FDA-Commissioner Dr. Janet Woodcock läßt die Zulassung von Aducanumab offenbar keine Ruhe. Am 7. Juni hatte die Behörde diese abgenickt, zum Erstaunen so mancher Fachleute. Nun will Woodcock genauer wissen, ob es im Bewertungsprozess Vorgänge gegeben haben könnte, die mit der „Policy“ der FDA nicht im Einklang stehen. Sie habe deshalb bei der Oberaufsicht im US-Gesundheitsministerium, dem Office of the Inspector General (OIG) eine unabhängige Überprüfung etwaiger Kontakte zwischen Vertretern ihrer Behörde und des Herstellers Biogen beantragt, ließ Woodcock vor einigen Tagen auf Twitter wissen.
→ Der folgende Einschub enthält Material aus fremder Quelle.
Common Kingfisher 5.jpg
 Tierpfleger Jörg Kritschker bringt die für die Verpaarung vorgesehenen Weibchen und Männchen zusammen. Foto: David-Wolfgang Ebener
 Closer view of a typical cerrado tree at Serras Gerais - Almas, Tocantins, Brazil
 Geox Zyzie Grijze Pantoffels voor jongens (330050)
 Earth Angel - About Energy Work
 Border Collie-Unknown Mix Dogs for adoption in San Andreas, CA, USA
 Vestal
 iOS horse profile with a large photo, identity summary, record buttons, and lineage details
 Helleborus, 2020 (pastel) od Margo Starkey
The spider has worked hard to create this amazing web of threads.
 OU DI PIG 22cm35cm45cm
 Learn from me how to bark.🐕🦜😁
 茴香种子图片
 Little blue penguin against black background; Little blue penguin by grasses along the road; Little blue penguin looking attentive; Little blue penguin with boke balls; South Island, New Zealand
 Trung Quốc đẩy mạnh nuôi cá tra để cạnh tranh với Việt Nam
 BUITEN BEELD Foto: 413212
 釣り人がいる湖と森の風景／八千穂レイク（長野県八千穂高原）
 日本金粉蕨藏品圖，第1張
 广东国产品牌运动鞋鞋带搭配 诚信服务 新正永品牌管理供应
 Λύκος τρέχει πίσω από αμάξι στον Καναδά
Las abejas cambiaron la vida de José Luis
Sie denkt dabei auch an den Ruf ihrer Behörde und will verhindern, dass das Vertrauen der Öffentlichkeit in die Entscheidungen der FDA durch die aktuellen Gerüchte unterminiert wird. Woodcock bittet um möglichst rasche Erledigung. Für den Fall, dass es eine Untersuchung geben sollte, sagt sie die uneingeschränkte Kooperationsbereitschaft der FDA zu. 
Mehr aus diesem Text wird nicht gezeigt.